ROMANS: Starvation fears in Syria this morning as the army cuts off remaining smuggling routes to the eastern suburbs of Damascus. Aid workers say no food or supplies have come into the region since the intensified army blockade on rebel held areas near the capital. Residents worry conditions will soon become like that in the western suburbs where hunger is so severe, doctors are reporting deaths now from malnutrition.

BERMAN: In such civil war, a warning that Egypt is spiraling dangerously close to civil war. Opponents of the coup that toppled elected President Mohamed Morsi are urging the international community to pay close attention. They believe that the crackdown on supporters of Morsi's Muslim Brotherhood is tearing that country apart. Since this all began more than 1,000 people have been killed and more than 2,000 have been arrested.

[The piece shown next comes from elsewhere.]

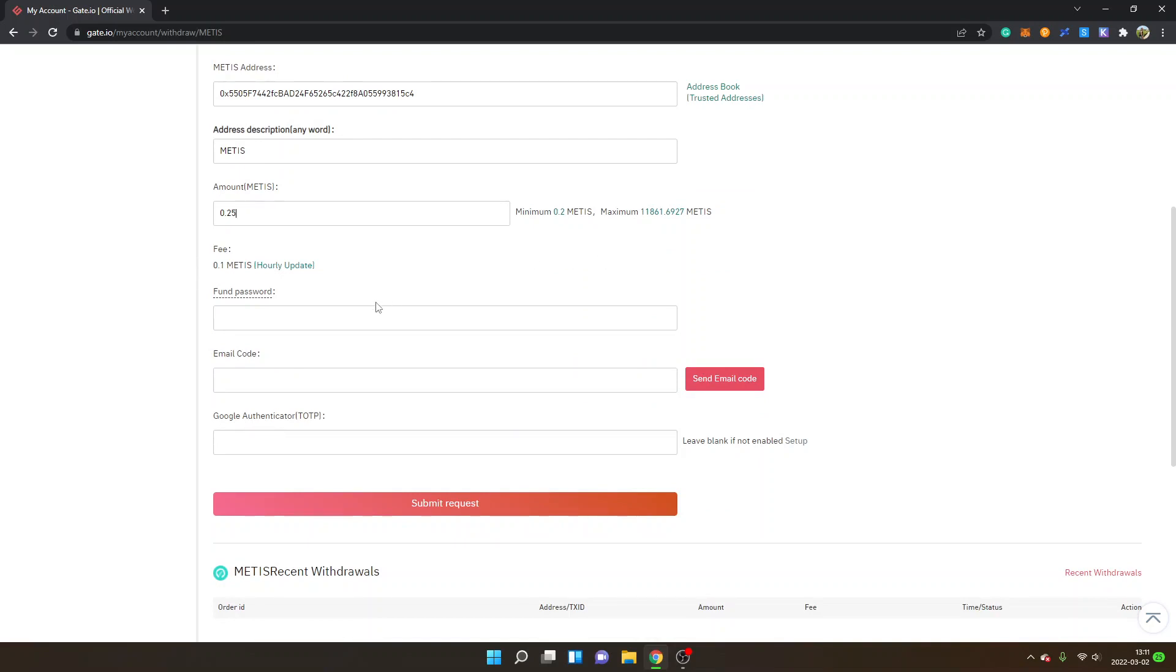Now I will just enter my security details right here and I will click on submit request and then I will show you what it looks like when my Metis gets credited.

ROMANS: All right. Lawyers for Boston bombing suspect Dzhokhar Tsarnaev may try to save him from the death penalty by blaming everything on his dead brother. They want access to records implicating Tamerlan Tsarnaev in a grissly triple murder in 2011. Prosecutors for the first time Monday said a friend of his told them he took part in the killings. Now the younger Tsarnaev's attorneys may argue he fell under his brother's murderess influence.

BERMAN: Lawyers have long said this is the most likely chance for Dzhokhar Tsarnaev, to say that he was under some kind of spell from the older brother who was pulling all the strings. We'll see if it works.

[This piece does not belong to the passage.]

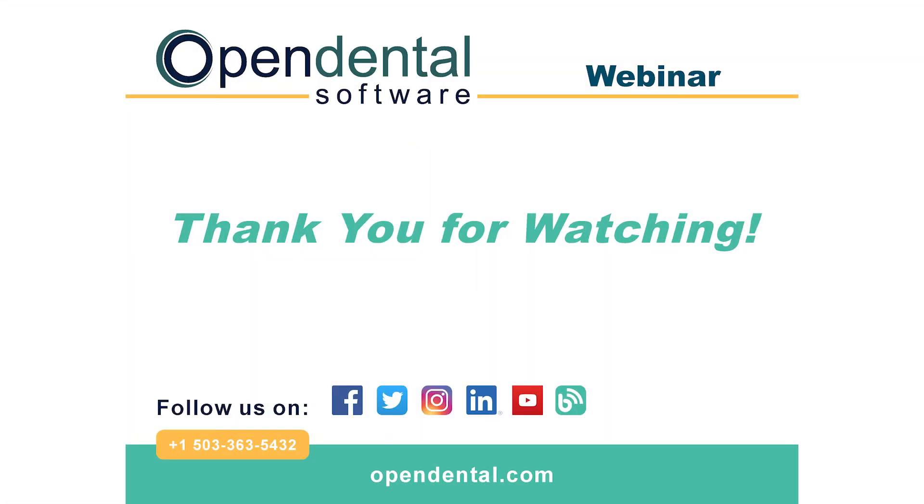Thank you for viewing today's Canadian webinar. If you have any further questions, please contact our support line at 503-363-5432, or visit our web manual at OpenDental.com. To stay up to date on the latest training videos, make sure you like and subscribe to our channel. Thanks!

A 14-year-old student is behind bars this morning charged with murdering a popular high school math teacher. Authorities say Colleen Ritzer's body was found in the woods behind the school.

Let's get more now from CNN's Don Lemon.


DON LEMON, CNN ANCHOR/CORRESPONDENT (voice-over): This is the face of an accused killer.

UNIDENTIFIED FEMALE: Your Honor, the defendant before the court is 14.

LEMON: Investigators in Massachusetts allege 14-year-old Philip Chism killed popular 24-year-old math teacher Colleen Ritzer at Danvers High School where she taught and where he was a student. KYLE CAHILL, DANVERS HIGH SCHOOL STUDENT: He's quiet. Just kept to himself. I mean, he's probably he's new to society. But I mean he's a good kid. He didn't seem bad, like nothing out of the ordinary, just a quiet normal kid.

LEMON: Students and family members say Ritzer loved being a teacher. At times, sending out homework assignments over Twitter, Facebook and her blog.

UNIDENTIFIED MALE: A wonderful lady. Couldn't say enough about her. She was always the teacher to go the extra mile for students.

LEMON: So why would anyone, let alone a student, want to kill her? Allegedly dumping her body in the woods behind her own school?

UNIDENTIFIED FEMALE: I think that their sense of security starts to become shattered, you know, and they all just said this is Danvers. This is Danvers. It doesn't happen here.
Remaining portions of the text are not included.